How to add a new encoding
===========================

.. meta::

   :twitter:card: summary
   :twitter:site: @immuneml
   :twitter:title: immuneML dev docs: add a new encoding
   :twitter:description: See how to add a new encoding to the immuneML platform.
   :twitter:image: https://docs.immuneml.uio.no/_images/extending_immuneML.png


Adding an example encoder to the immuneML codebase
------------------------------------------------------


This tutorial describes how to add a new  :py:obj:`~immuneML.encodings.DatasetEncoder.DatasetEncoder` class to immuneML,
using a simple example encoder. We highly recommend completing this tutorial to get a better understanding of the immuneML
interfaces before continuing to :ref:`implement your own encoder <Implementing a new encoder>`.


Step-by-step tutorial
^^^^^^^^^^^^^^^^^^^^^^^^^^^

For this tutorial, we provide a :code:`SillyEncoder` (:download:`download here <./example_code/SillyEncoder.py>` or view below), in order to test adding a new Encoder file to immuneML.
This encoder ignores the data of the input examples, and generates a few random features per example.

        .. collapse:: SillyEncoder.py

          .. literalinclude:: ./example_code/SillyEncoder.py
             :language: python


#. Add a new `Python package <https://packaging.python.org/en/latest/tutorials/packaging-projects/>`_ to the :py:obj:`~immuneML.encodings` package.
   This means: a new folder (with meaningful name) containing an empty :code:`__init__.py` file.

#. Add a new encoder class to the package. The new class should inherit from the base class :py:obj:`~immuneML.encodings.DatasetEncoder.DatasetEncoder`.
   The name of the class should end with 'Encoder', and when calling this class in the YAML specification, the 'Encoder' suffix is omitted.
   In the test example, the class is called :code:`SillyEncoder`, which would be referred to as :code:`Silly` in the YAML specification.

#. If the encoder has any default parameters, they should be added in a default parameters YAML file.

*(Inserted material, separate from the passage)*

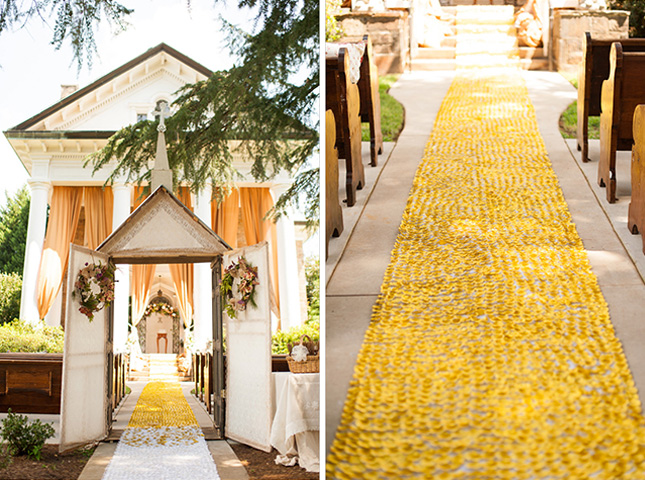 alfombra de color dorado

This file should be added to the folder :code:`config/default_params/encodings`.
   The default parameters file is automatically discovered based on the name of the class using the base name (without 'Encoder' suffix) converted to snake case, and with an added '_params.yaml' suffix.
   For the :code:`SillyEncoder`, this is :code:`silly_params.yaml`, which could for example contain the following:

   .. code:: yaml

      random_seed: 1
      embedding_len: 5

   In rare cases where classes have unconventional names that do not translate well to CamelCase (e.g., MiXCR, VDJdb), this needs to be accounted for in :py:meth:`~immuneML.dsl.DefaultParamsLoader.convert_to_snake_case`.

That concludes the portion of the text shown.